Ten years after he’d made The Disintegration Loops, Basinski – with composer and arranger Maxim Moston – transformed them into a live performance, originally for a performance in New York to commemorate the tenth anniversary of the World Trade Center’s destruction. The performance was restaged in August 2012 at London’s Royal Festival Hall as part of the Meltdown Festival (an annual music festival whose schedule is curated by an individual performer, this year Antony Hegarty of Antony & The Johnsons).

Attending the London show, which comprised versions of “dlp 2.1” and “dlp 1.1” performed by the 40-piece London Contemporary Orchestra, I found these live Loops pretty and enjoyable, but nowhere near as moving as the originals. To represent the degradations on the original tapes, musicians play progressively shorter snippets of their score, the result more of a stifling than a disintegration. The performed pieces fail to capture the eerie degradations of the original, resembling instead some midway point between an intricately repetitive Philip Glass piece and Haydn’s “Farewell” Symphony, in which various musicians “drop out” until only one remains playing. (Personal bias meant I was also disappointed that “dlp 1.1” was performed, as it’s my least favourite Loop, not helped by its melody, played on trombone, being rendered almost jolly here.)
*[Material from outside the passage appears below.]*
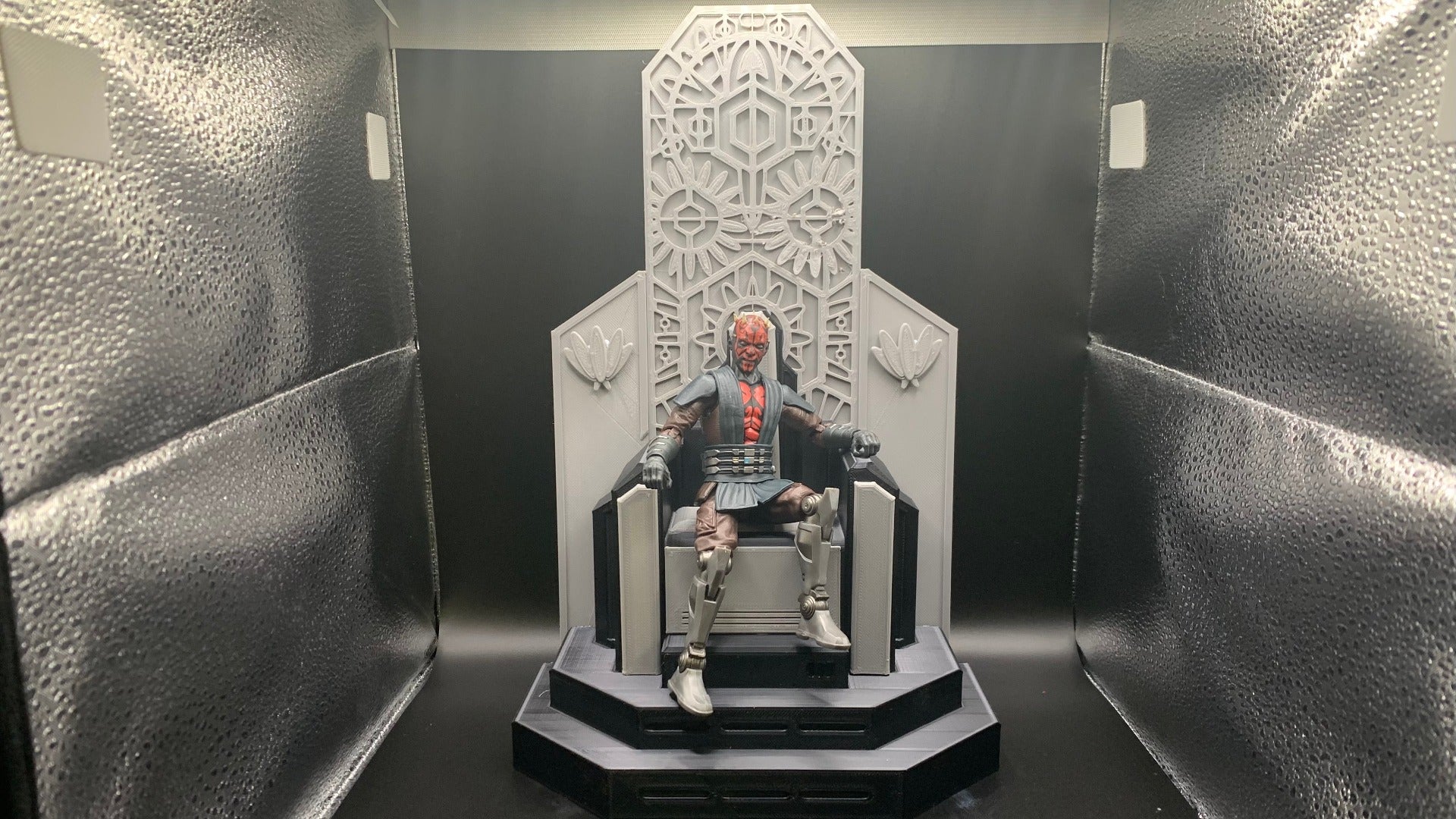 Mandalore Throne – Syndicate Customs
What seemed to be lacking was some way of recapturing the random interventions of the original – indeed, for “dlp 2.1”, the blots and scrapes of the original disintegrations were represented rather farcically by a performer crinkling some cellophane in the background. Why not, I wondered, introduce some live interventions too, using electronics (these, unlike in a Glass performance, conspicuously absent) to loop and degrade the musicians’ performance alongside the, as it were, controlled demolition? To have produced a score capable of being replicated identically – cellophane permitting – in any number of performances seems antithetical to The Disintegration Loops’ unique appeal, and represents a mildly curious but superfluous postscript to a project whose gradual, awful fading to silence required no last word.

William Basinski’s The Disintegration Loops forms part of the National September 11 Monument and Museum in New York. A 2012 reissue of the recordings includes vinyl editions of each piece, as well as recordings of two live performances, and additional written material.